Exercise:
For the entries below, the result should be an exact transcription of the lines from the one with "7226 W Silhouette" up to and including the one with "Men's 511 Slim Fit Jeans", and only those.

##### Records for this exercise #####

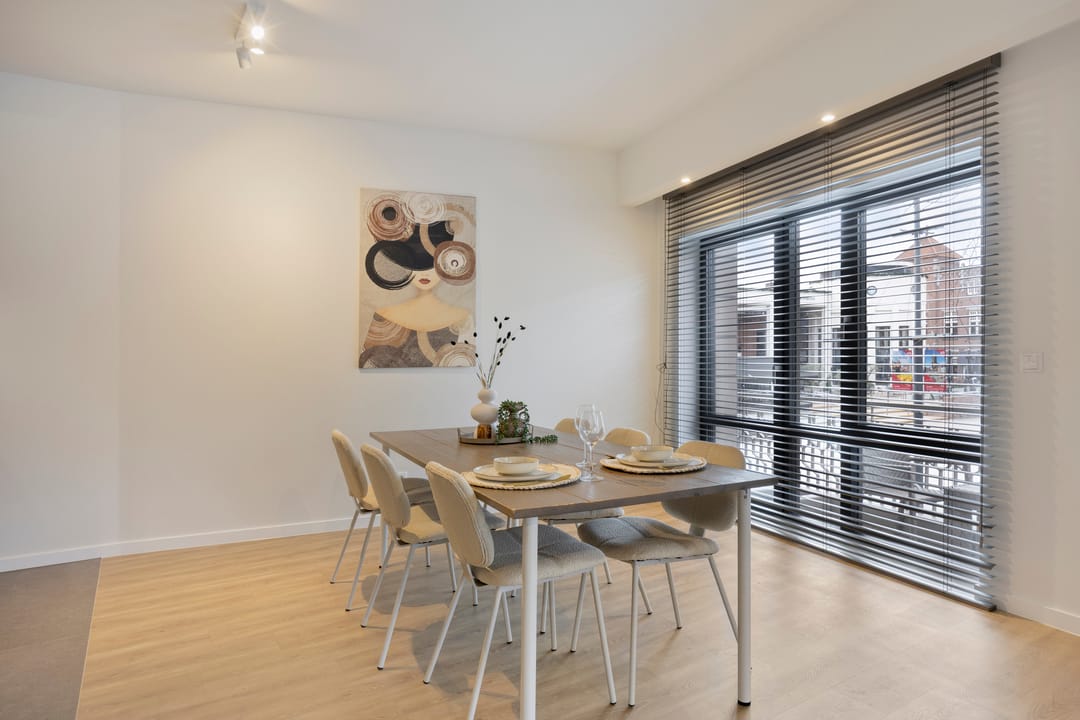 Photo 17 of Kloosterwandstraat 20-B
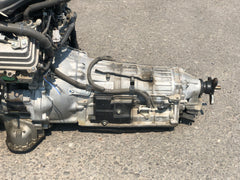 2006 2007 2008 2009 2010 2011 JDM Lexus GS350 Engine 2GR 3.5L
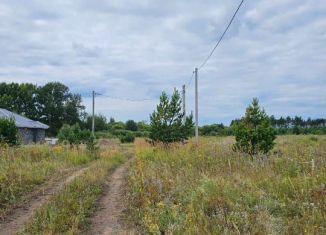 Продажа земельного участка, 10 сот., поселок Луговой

#####
##### Records for this exercise #####

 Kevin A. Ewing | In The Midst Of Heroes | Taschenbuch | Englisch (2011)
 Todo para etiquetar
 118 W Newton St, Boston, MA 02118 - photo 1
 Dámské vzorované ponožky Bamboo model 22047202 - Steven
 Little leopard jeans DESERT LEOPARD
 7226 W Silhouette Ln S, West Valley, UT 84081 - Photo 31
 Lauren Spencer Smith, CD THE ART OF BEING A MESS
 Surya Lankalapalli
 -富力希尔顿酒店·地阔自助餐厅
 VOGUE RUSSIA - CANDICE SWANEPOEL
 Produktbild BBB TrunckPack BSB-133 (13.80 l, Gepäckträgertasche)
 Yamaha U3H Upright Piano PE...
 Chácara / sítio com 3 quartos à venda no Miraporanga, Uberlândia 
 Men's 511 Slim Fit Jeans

#####

Solution to this task:
 7226 W Silhouette Ln S, West Valley, UT 84081 - Photo 31
 Lauren Spencer Smith, CD THE ART OF BEING A MESS
 Surya Lankalapalli
 -富力希尔顿酒店·地阔自助餐厅
 VOGUE RUSSIA - CANDICE SWANEPOEL
 Produktbild BBB TrunckPack BSB-133 (13.80 l, Gepäckträgertasche)
 Yamaha U3H Upright Piano PE...
 Chácara / sítio com 3 quartos à venda no Miraporanga, Uberlândia 
 Men's 511 Slim Fit Jeans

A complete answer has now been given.